I work in ICU, vs long-term, but families make the choice to transition their loved ones to comfort care all the time. Part of comfort care is d/c'ing tubefeeds, fluids, and any meds that have no comfort-enhancing purpose (antibiotics, BP meds, etc.)

Dementia is terminal. This hypothetical husband as (I'm assuming) her decision maker can absolutely choose a palliative care consult.

Also, re: the NPO status. I'm not sure how that works with someone with dementia, but people who understand the risk of aspiration can absolutely eat if they want to. Years ago I cared for a 90 yr old with a GT due to his aspiration risk. He was to return to his AL apartment when he could administer his own tubefeeds. Well he never got the hang of it, and was very clear that he wanted to eat. He was aware that by eating he was risking his life; he decided that a life without pie and coffee was not worth living.
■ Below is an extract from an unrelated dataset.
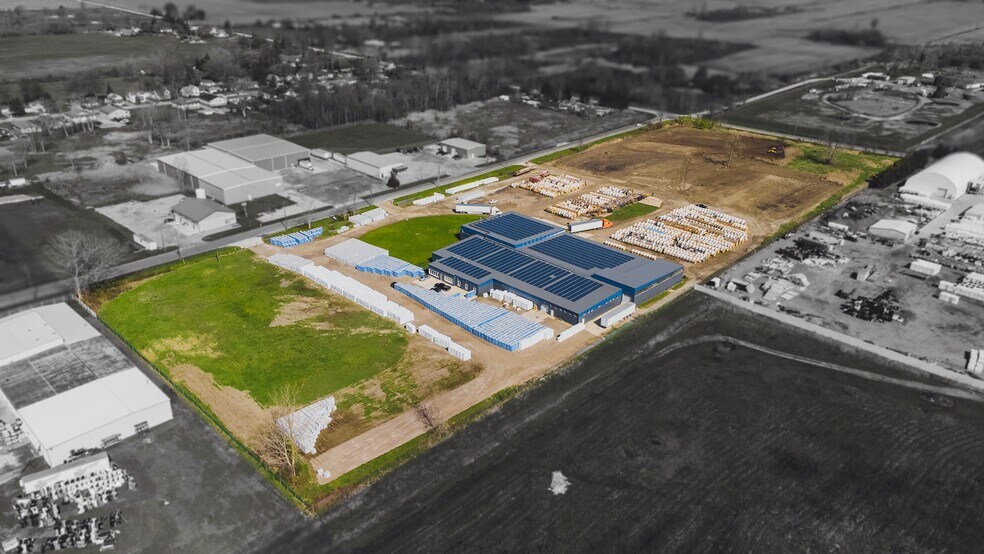 More Photos Of 260 Centre St, Petrolia Warehouse For Lease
So he had pie and coffee, was discharged home with a palliative consult, and died a week later.

Again someone with dementia can't exactly say "I understand that my food can get into my trachea which can be painful and cause pneumonia." So I don't have a clear answer in your case. That is something that can be addressed in an ethics conference and in her interdisciplinary care conference.

Specializes in retired LTC.

Thanks for the info re 'bridles'. I heard about something like that once, but it was eons ago.

In LTC, the permanent surgical kind are the tubes of choice. It was super rare to have an NGT.

My biggest issue was with facilities who deliberately utilized foley caths as GTs, not true Flexi-flows. It was a cheap effort at cost control but I always found them prone to migration (regardless how securely we tried to anchor them). There were always problems.

On the exterior paper wrapper of foleys, there was a phrase "for UROLOGICAL USE ONLY". Liability anyone???

Sheesh!

Specializes in Burn, ICU.

Bridled means that the patient will go into interventional radiology to have the NGT wrapped around into the septum. It's less likely for the tube to get dislodged/removed; but, if the patient pulls hard enough, they will be bleeding a lot. ;o

We don't take them to IR, we just place the bridle after the position of the tube is confirmed by an Xray. The bridle doesn't require an Xray...you either can get the stylets to stick together, or you can't and someone else tries.

Specializes in retired LTC.

I just shivered again as I 'ouched' just thinking about tugging on that bridle and the nasal septum.

I would NEVER give consent for that! Ooww!

Specializes in Critical Care, ED, Cath lab, CTPAC,Trauma.
I just shivered again as I 'ouched' just thinking about tugging on that bridle and the nasal septum.

I would NEVER give consent for that! Ooww!

It isn't the bridle itself...that is the term. Two short catheters are inserted in each septum and attach by magnet. One is removed and the other is slowly removed that has a "string" the string is then secured externally.
Specializes in Burn, ICU.

OP, sorry we've sidetracked your thread!

re: bridles, out hospital just started using them a year or so ago. To be clear, the stylets are inserted in each nostril, click together behind the vomer bone (not just around soft tissue...for good or for bad, and no, there's no way to assess this internal site for pressure injuries w/o a scope), and then a piece of flat twill tape is pulled through from one nare to the other. The stylets and magnets are removed. A special clip clips around the twill and the tube and holds it in place. Certainly if you pull on the tube hard, I bet it hurts. On the other hand, if a pt pulls out a tube with the usual "sticker" that tapes it to the nose, they have to get the tube replaced and get an Xray, delaying feeding and certainly causing discomfort. NGTs are not long-term solutions and neither is the bridle, but I think it can minimize problems when used correctly. For our patients with facial burns, for example, the stickers don't stick anyway!